Qué palabra ésa: competente. Tan llena de contenidos, de libros de texto, del cuadernillo de ortografía uno, dos y tres, del de escritura y del libro de lectura eficaz, y con tres cuadernillos de más de mates, uno para el cálculo mental, otro de resolución de problemas y otro de refuerzo, por si acaso a estos niños les de por pensar. Y volvemos a esos vicios, rutinas y aprendizajes transmitidos de año en año a través de materiales endemoniados que nos condicionan, maniatan y transmiten, (eso sí), la cultura del «para mañana página veintiséis ejercicio siete… ¡Y el ocho también, que lo veo interesante!»
 
Afortunadamente, sobre todo para mí, existe otra manera de hacer, otra manera de transmitir, otra forma de trabajar con esas personas. Es más divertida, más eficaz, más competente. Hablo de las matemáticas activas. Y sí, también reconozco las reticencias de mis compañeros/as. Sin ni siquiera querer saber, esta otra manera de hacer entró en mi vida y en mi clase.
 
Asistí a conferencias. Recuerdo una en la que los ponentes eran José Antonio Fernández Bravo y Violeta Montreal. Me quedé impresionado por la visión que tenían de la docencia, distinta, interesante… Por primera vez tuve curiosidad y la respuesta a todas mis dudas la tuve en casa. La persona que me llevó a rastras a la conferencia y que llevaba tiempo hablándome de esta manera de «no dar clase». Fue ella (también maestra) la que me explicó, ayudó y me abrió los ojos.
 
Descubrí un mundo nuevo, una enseñanza basada en la manipulación tangible de las matemáticas. A partir de ahí solo fue cuestión de tiempo que mi clase se llenara de regletas, máquinas para sumar y restar, cajas registradoras hechas con cajas de zapatos… Cuanto más practicas más quieres. Juegos, concursos de cálculo mental, y ¡adiós al algoritmo tradicional! Desde ese momento, mis personitas dejaron de llevarse una.
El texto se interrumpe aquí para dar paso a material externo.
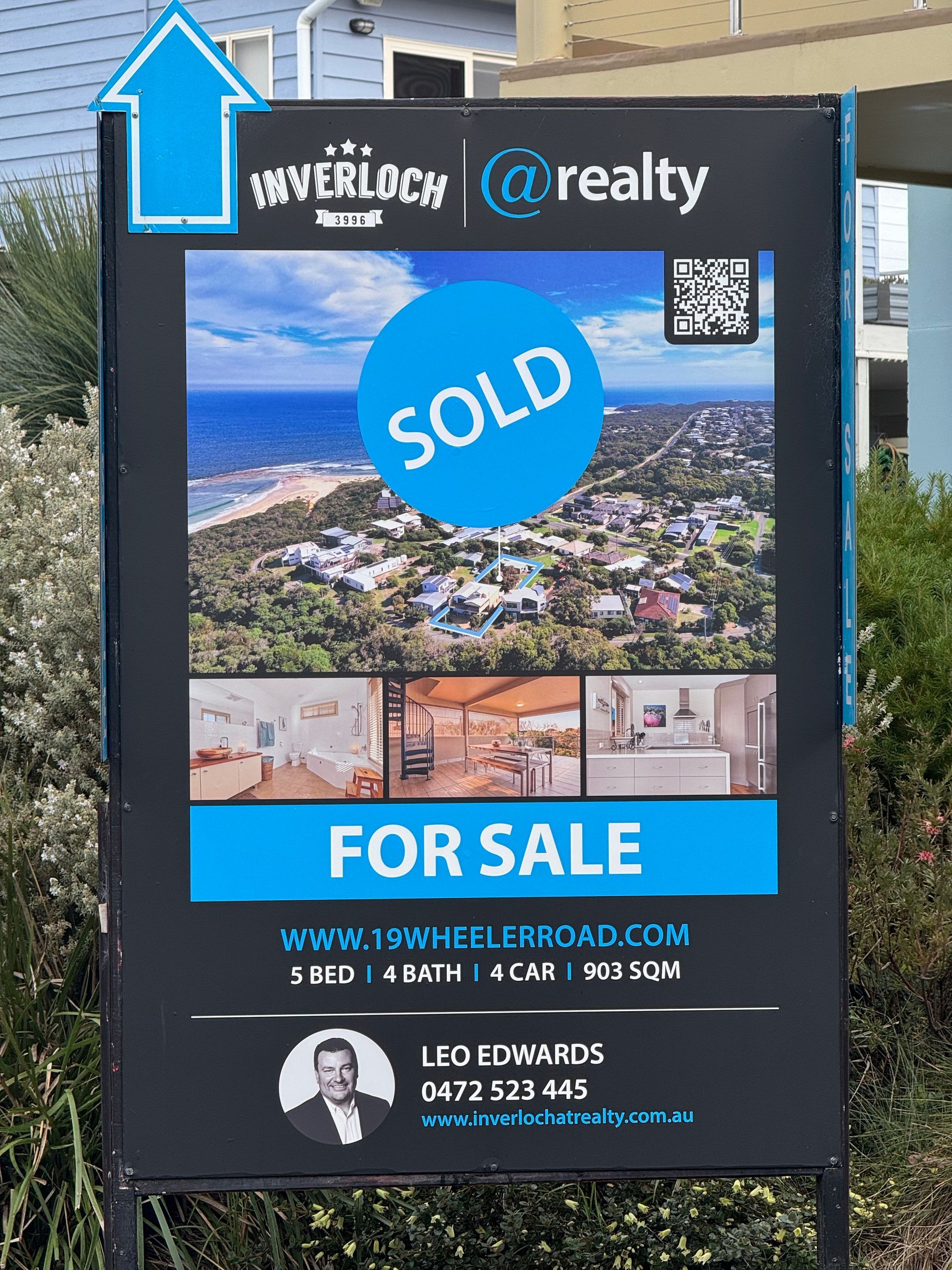 Real estate sign with aerial neighborhood photo, blue SOLD circle, and FOR SALE banner for The Real Est8 Realty.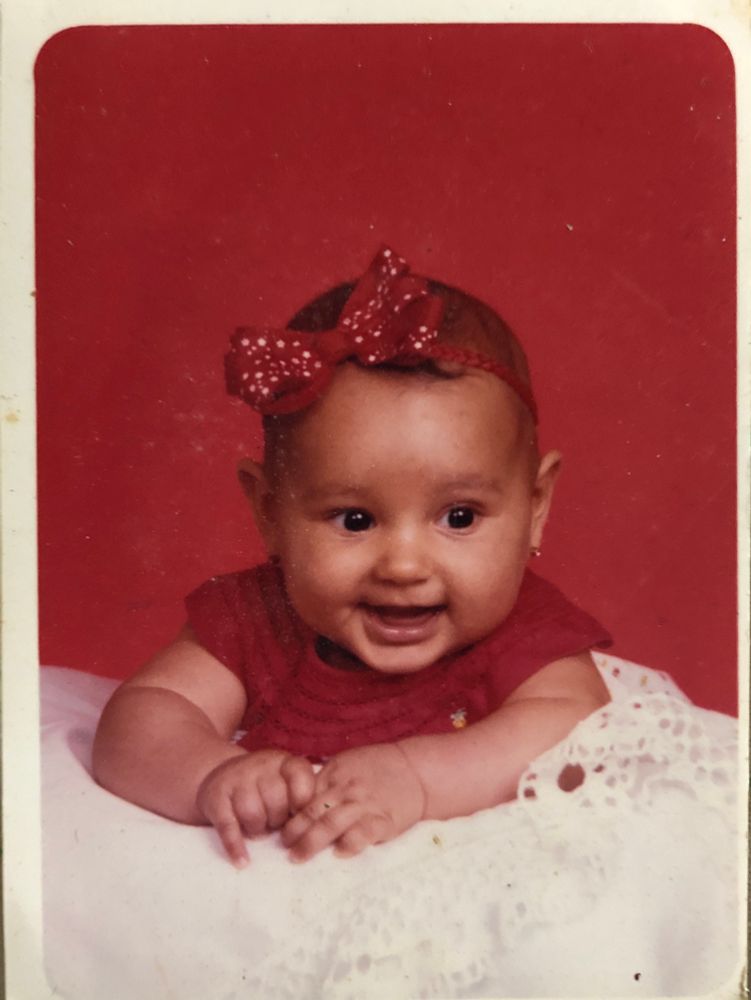 Baby photo of a young baby smiling and resting on a blanket. She is chubby and has dark brown eyes and light brown skin and is wearing all red, including a red bow. 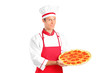 A studio shot of a young chef holding a pizza A studio shot of a young chef holding a pizza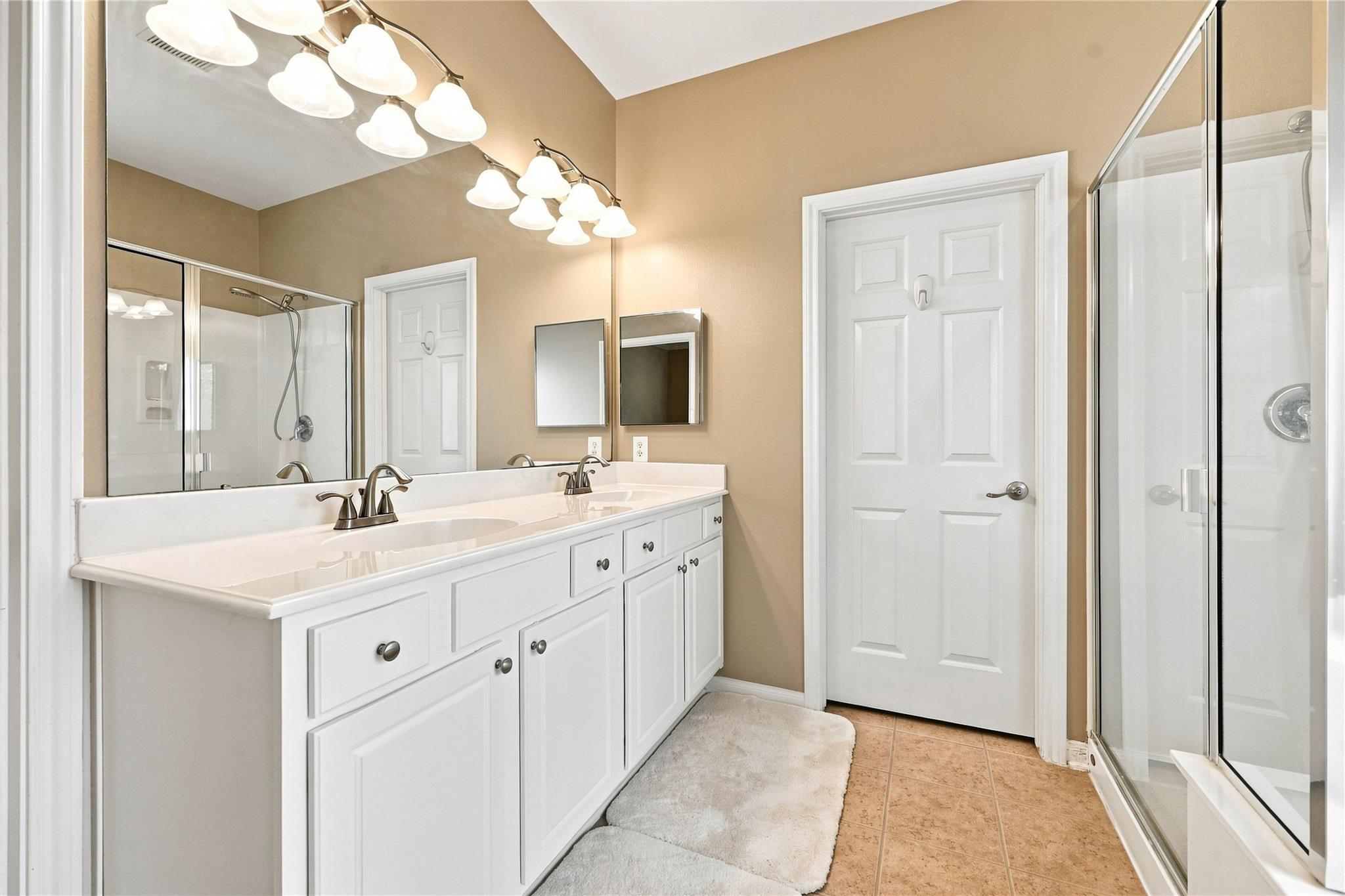 Bathroom with a white double-sink vanity, large mirrors, and glass-enclosed shower.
En cambio juegan, ven y manipulan con sus manos el resultado. La multiplicación ha pasado a ser la grúa, y la división, la araña peluda.
 
Veo a mis alumnos más felices, más listos, más inteligentes, más competentes. Es la primera vez en mi vida que cuando digo: ¡Venga, matemáticas! Los niños se alegran y gritan ¡Bieeeeeen! Que sensación compañeros, sólo por eso vale la pena el cambio, y lo aseguro. El que lo prueba, nunca más volverá atrás.